EXTRACTED ENTRIES |
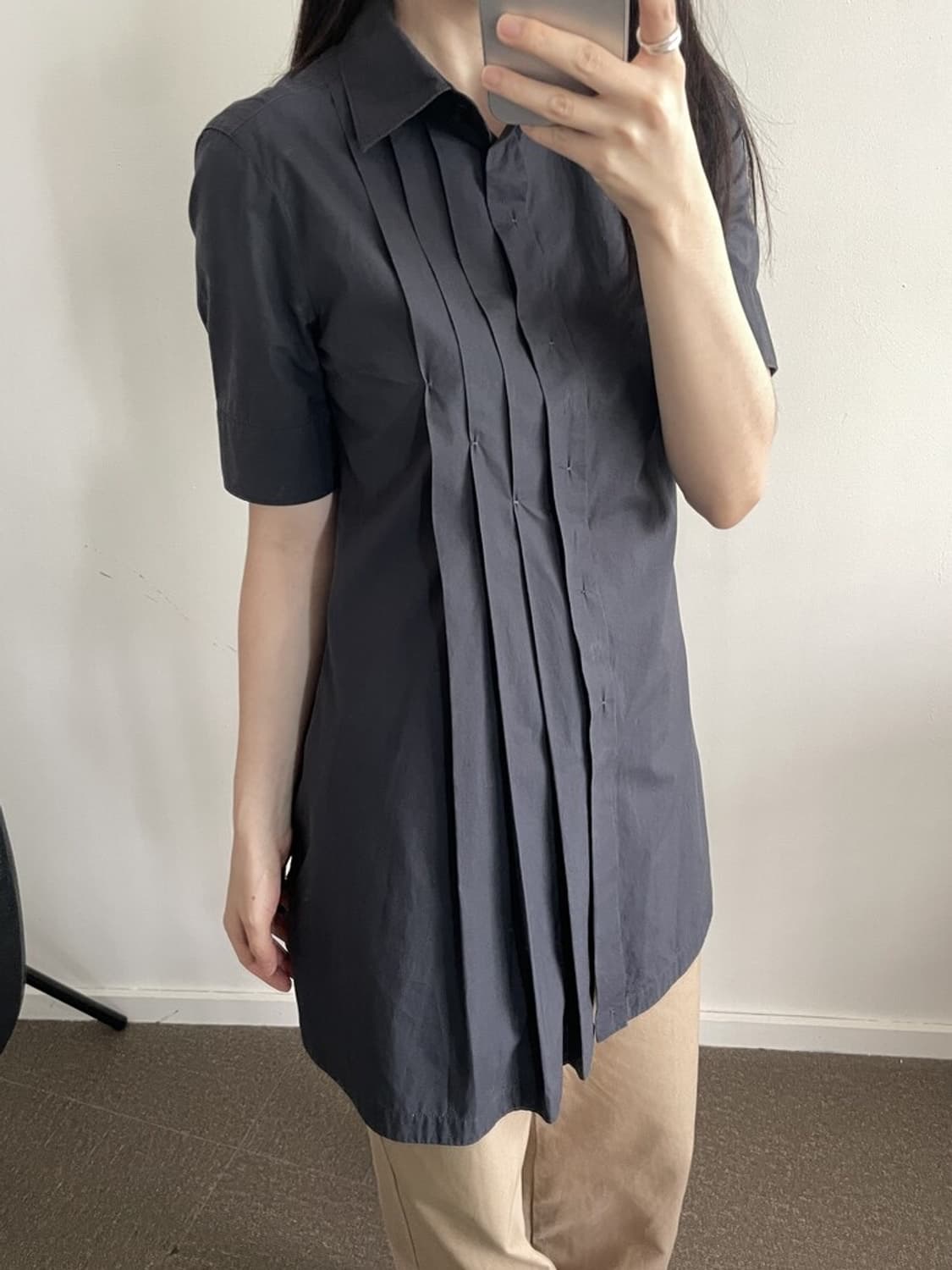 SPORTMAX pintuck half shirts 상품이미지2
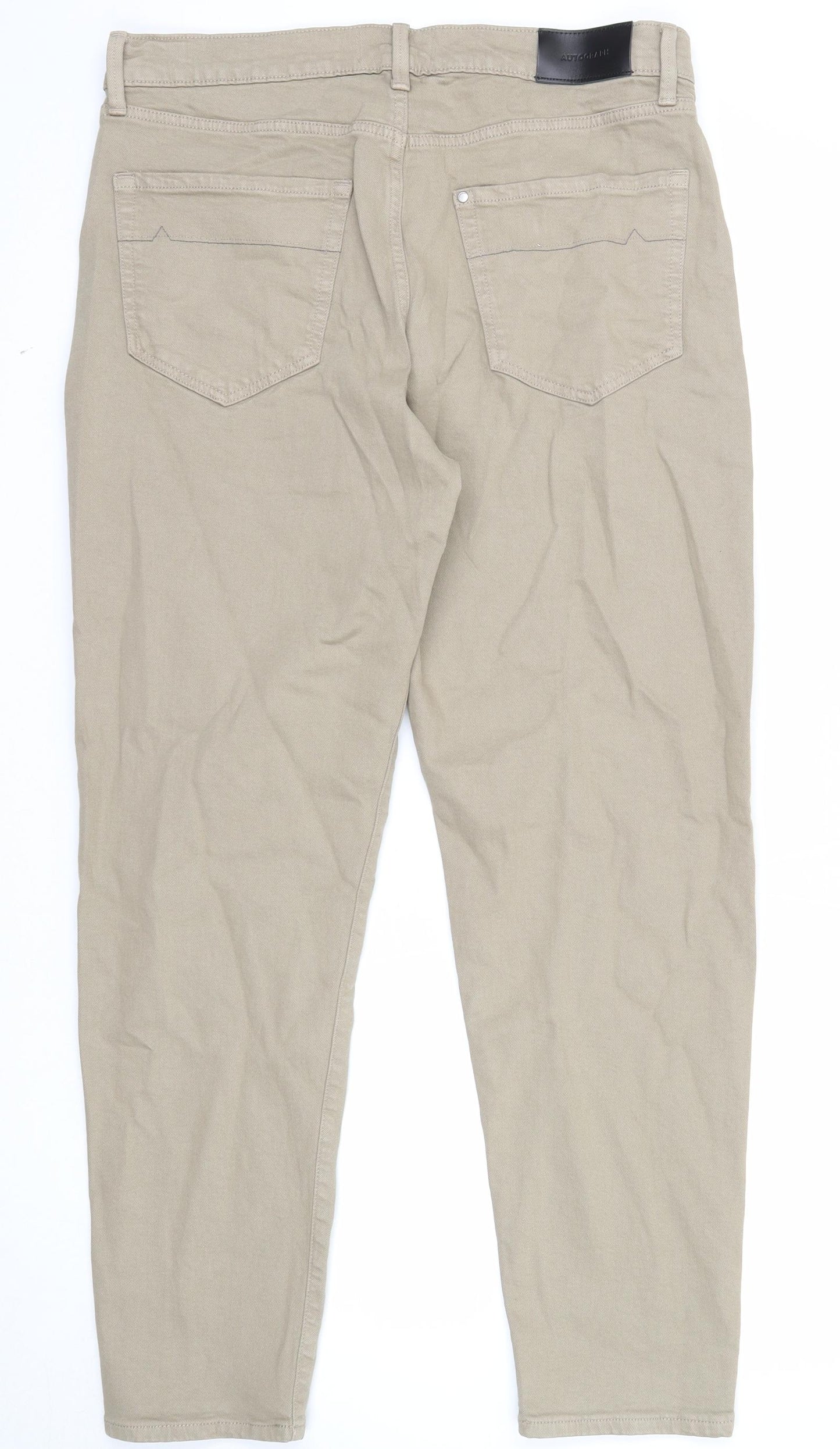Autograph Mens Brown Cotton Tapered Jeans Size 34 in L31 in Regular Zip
--
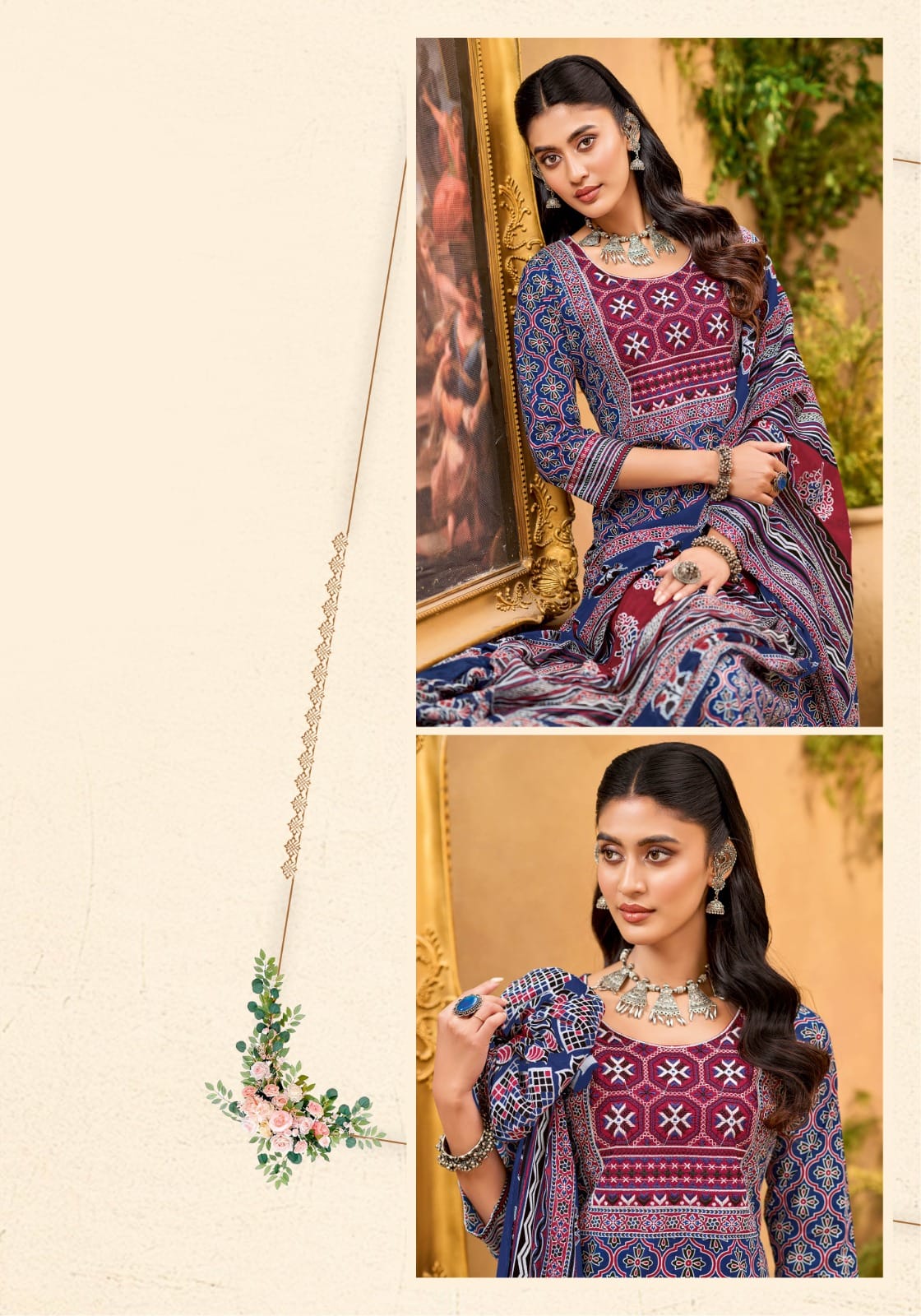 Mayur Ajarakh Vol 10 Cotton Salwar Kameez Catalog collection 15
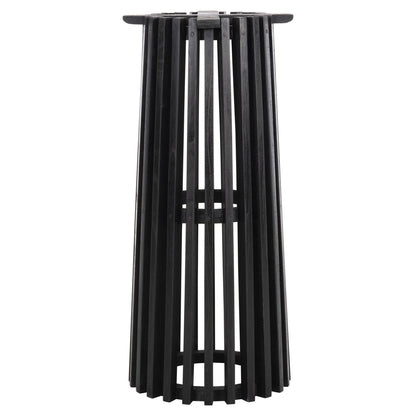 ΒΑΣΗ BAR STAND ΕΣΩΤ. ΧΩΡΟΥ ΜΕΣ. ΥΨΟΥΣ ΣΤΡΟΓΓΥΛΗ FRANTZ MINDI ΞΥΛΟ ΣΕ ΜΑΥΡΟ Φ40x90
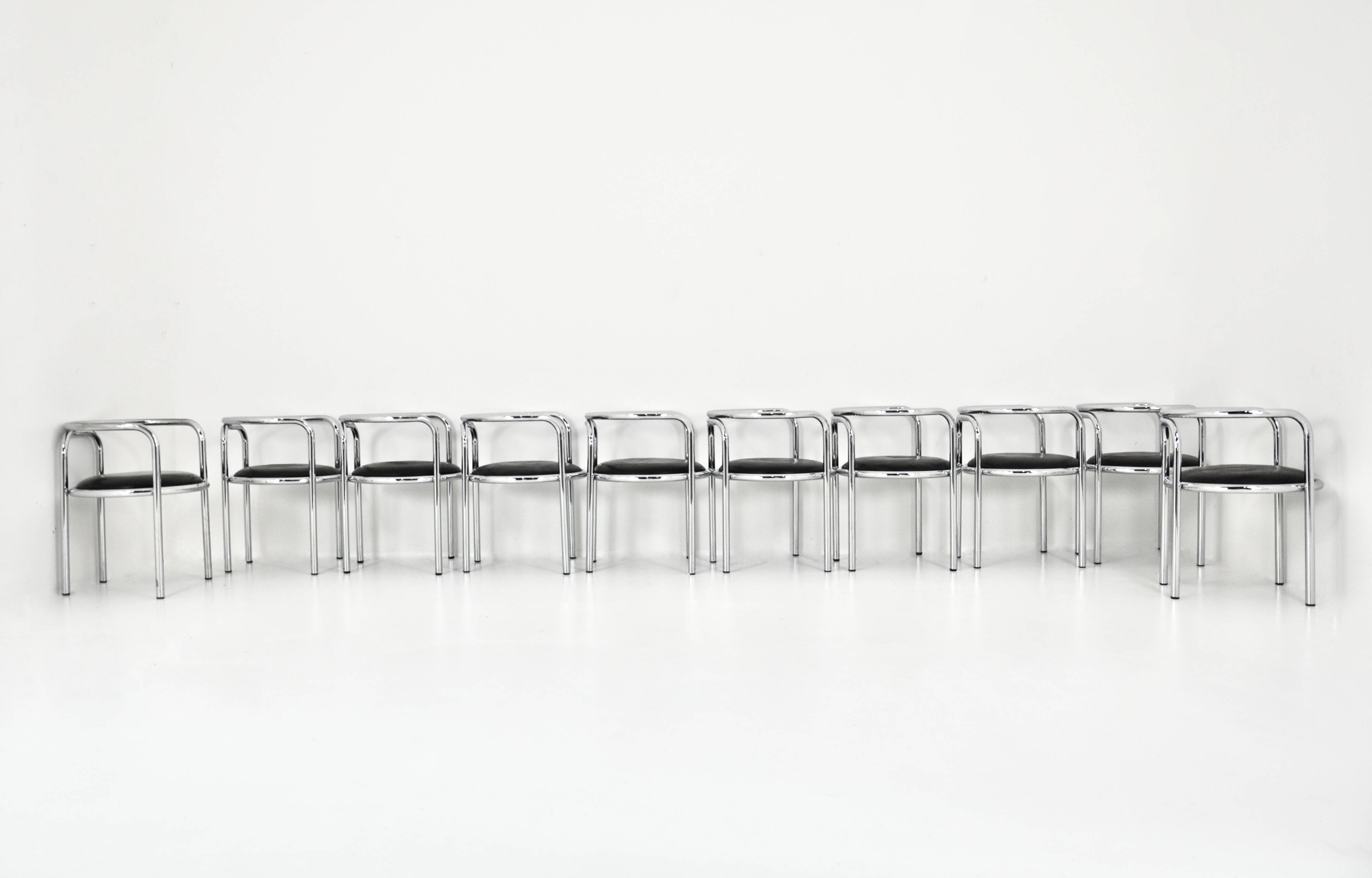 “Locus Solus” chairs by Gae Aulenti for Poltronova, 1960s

PROBLEM DESCRIPTION | In the data above, the stretch from the line with "SPORTMAX pintuck half shirts 상품이미지2" through the line with "Autograph Mens Brown" is to be returned exactly, minus any pictures.

EXPECTED ANSWER |
 SPORTMAX pintuck half shirts 상품이미지2
Autograph Mens Brown Cotton Tapered Jeans Size 34 in L31 in Regular Zip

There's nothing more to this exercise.